**Source information**.
::::::::

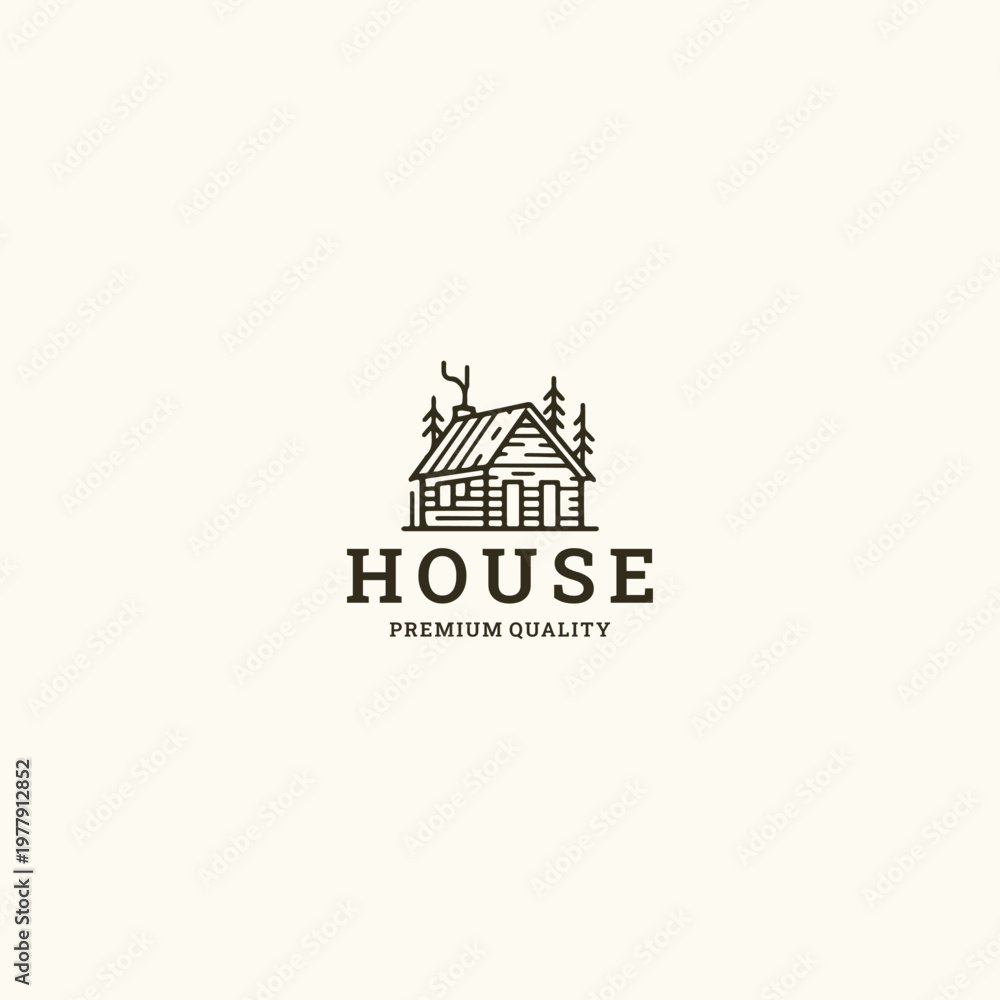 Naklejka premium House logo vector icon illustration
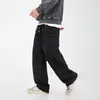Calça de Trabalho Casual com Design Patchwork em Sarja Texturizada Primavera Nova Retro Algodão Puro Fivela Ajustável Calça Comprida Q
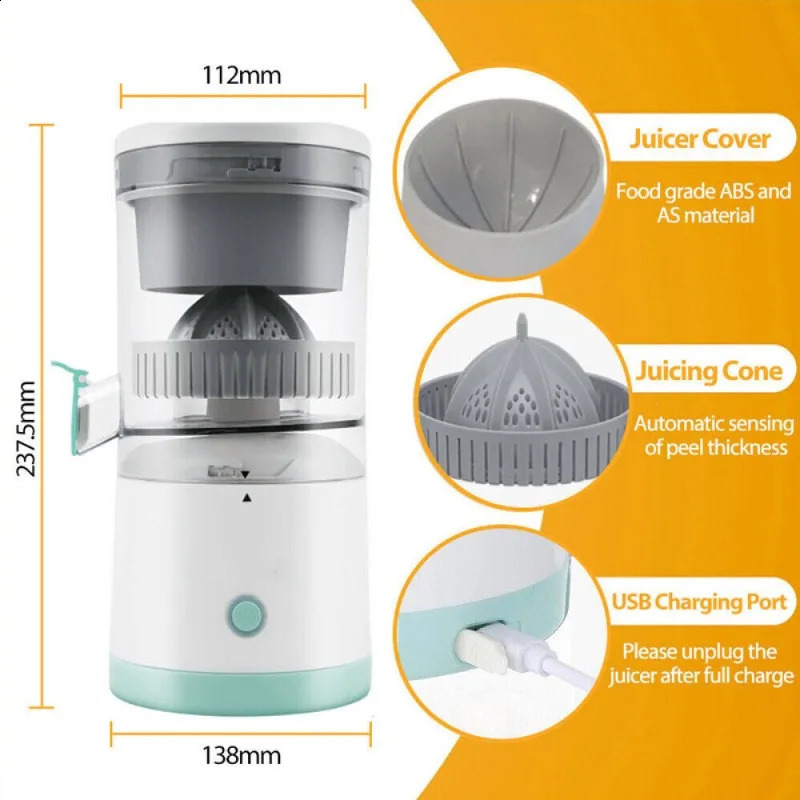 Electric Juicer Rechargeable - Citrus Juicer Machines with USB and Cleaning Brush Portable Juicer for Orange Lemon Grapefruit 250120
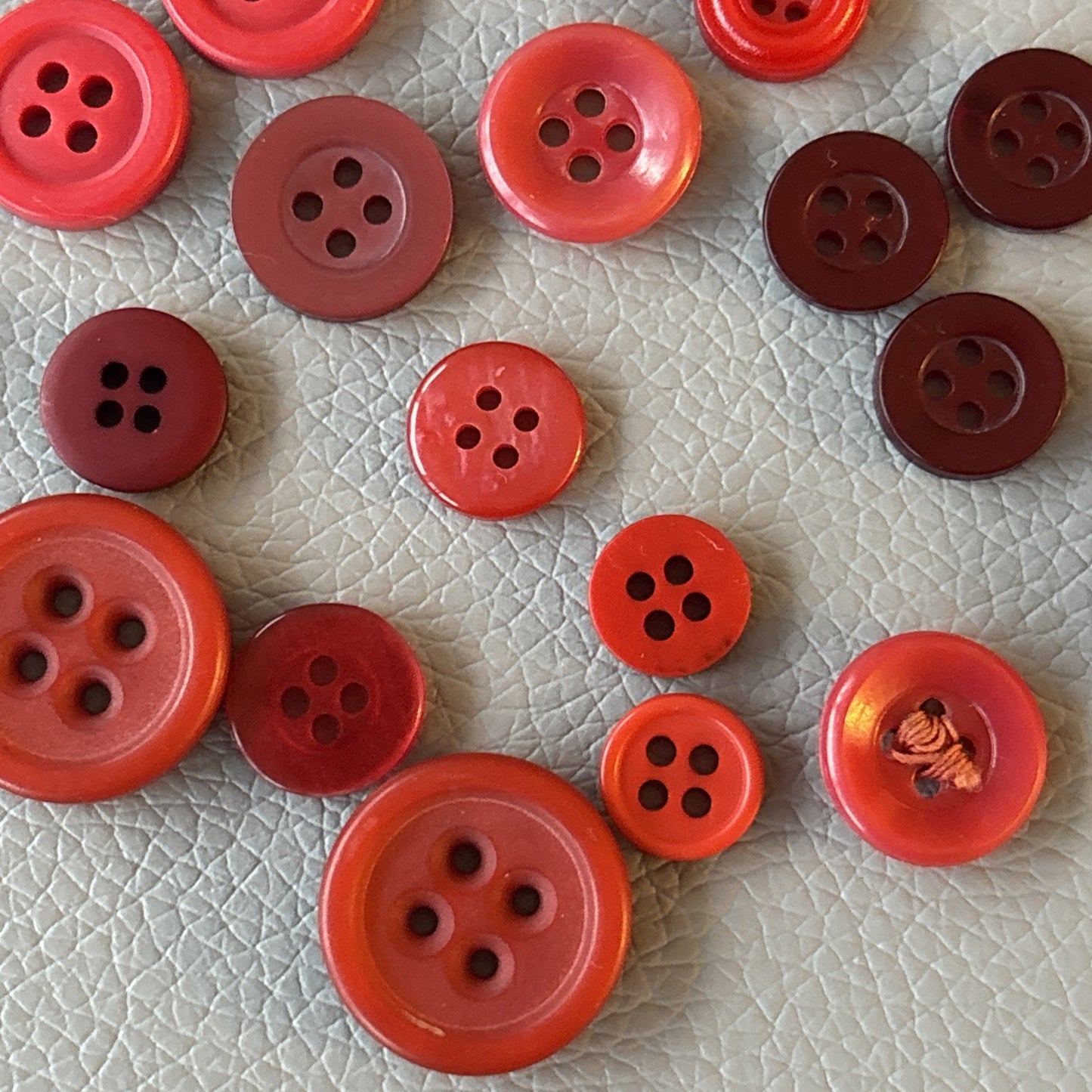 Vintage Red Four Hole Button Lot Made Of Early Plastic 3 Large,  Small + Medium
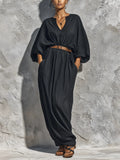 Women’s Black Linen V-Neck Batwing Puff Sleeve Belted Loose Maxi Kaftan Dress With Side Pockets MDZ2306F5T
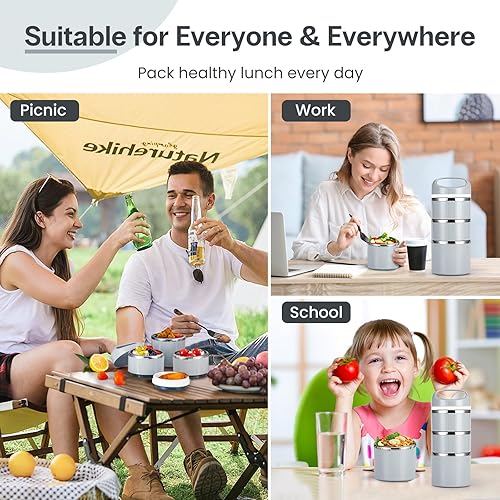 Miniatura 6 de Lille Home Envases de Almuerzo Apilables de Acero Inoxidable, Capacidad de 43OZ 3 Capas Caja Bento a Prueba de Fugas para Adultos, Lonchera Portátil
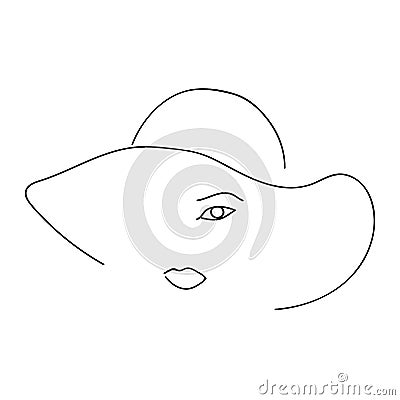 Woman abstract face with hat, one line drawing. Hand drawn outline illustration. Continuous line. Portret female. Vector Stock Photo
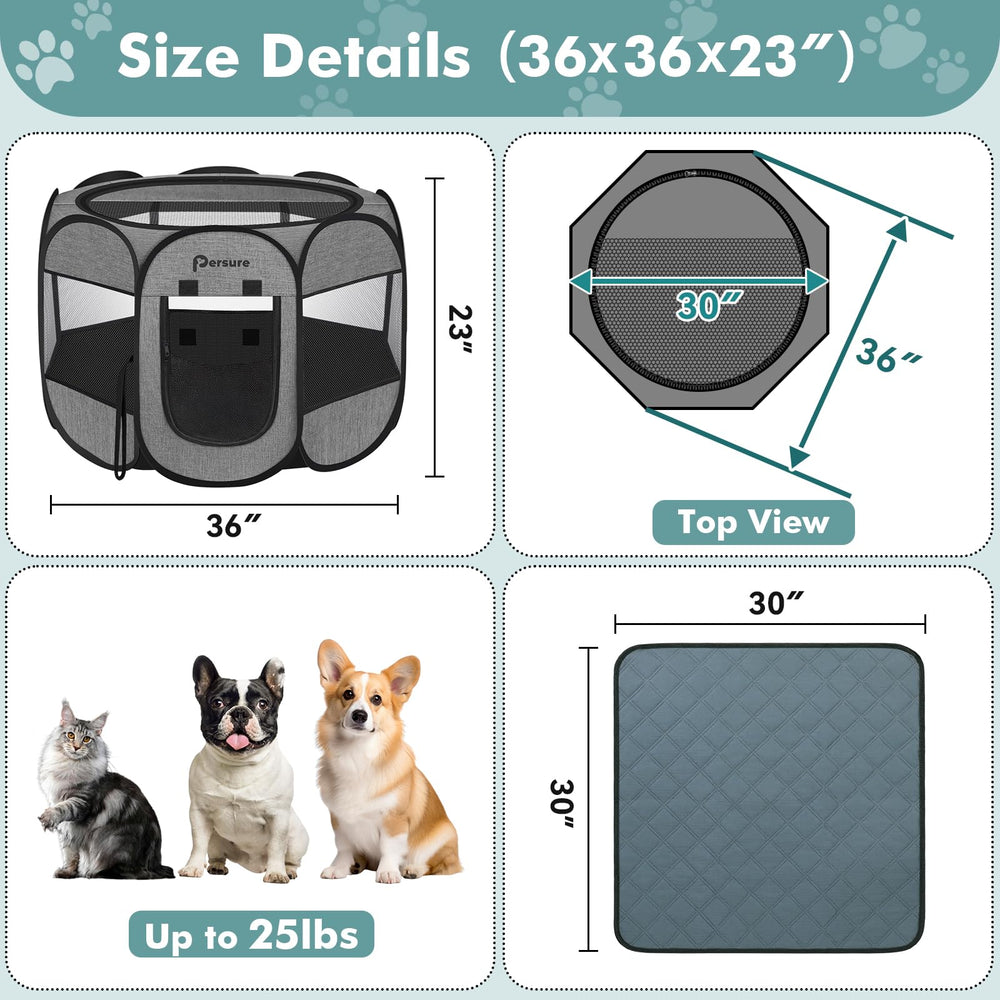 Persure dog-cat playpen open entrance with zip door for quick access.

::::::::

**Task description**.
Would you write out each entry word for word and omit the images?

**Problem solution**.
 Naklejka premium House logo vector icon illustration
Calça de Trabalho Casual com Design Patchwork em Sarja Texturizada Primavera Nova Retro Algodão Puro Fivela Ajustável Calça Comprida Q
 Electric Juicer Rechargeable - Citrus Juicer Machines with USB and Cleaning Brush Portable Juicer for Orange Lemon Grapefruit 250120
 Vintage Red Four Hole Button Lot Made Of Early Plastic 3 Large,  Small + Medium
 Women’s Black Linen V-Neck Batwing Puff Sleeve Belted Loose Maxi Kaftan Dress With Side Pockets MDZ2306F5T
 Miniatura 6 de Lille Home Envases de Almuerzo Apilables de Acero Inoxidable, Capacidad de 43OZ 3 Capas Caja Bento a Prueba de Fugas para Adultos, Lonchera Portátil
 Woman abstract face with hat, one line drawing. Hand drawn outline illustration. Continuous line. Portret female. Vector Stock Photo
 Persure dog-cat playpen open entrance with zip door for quick access.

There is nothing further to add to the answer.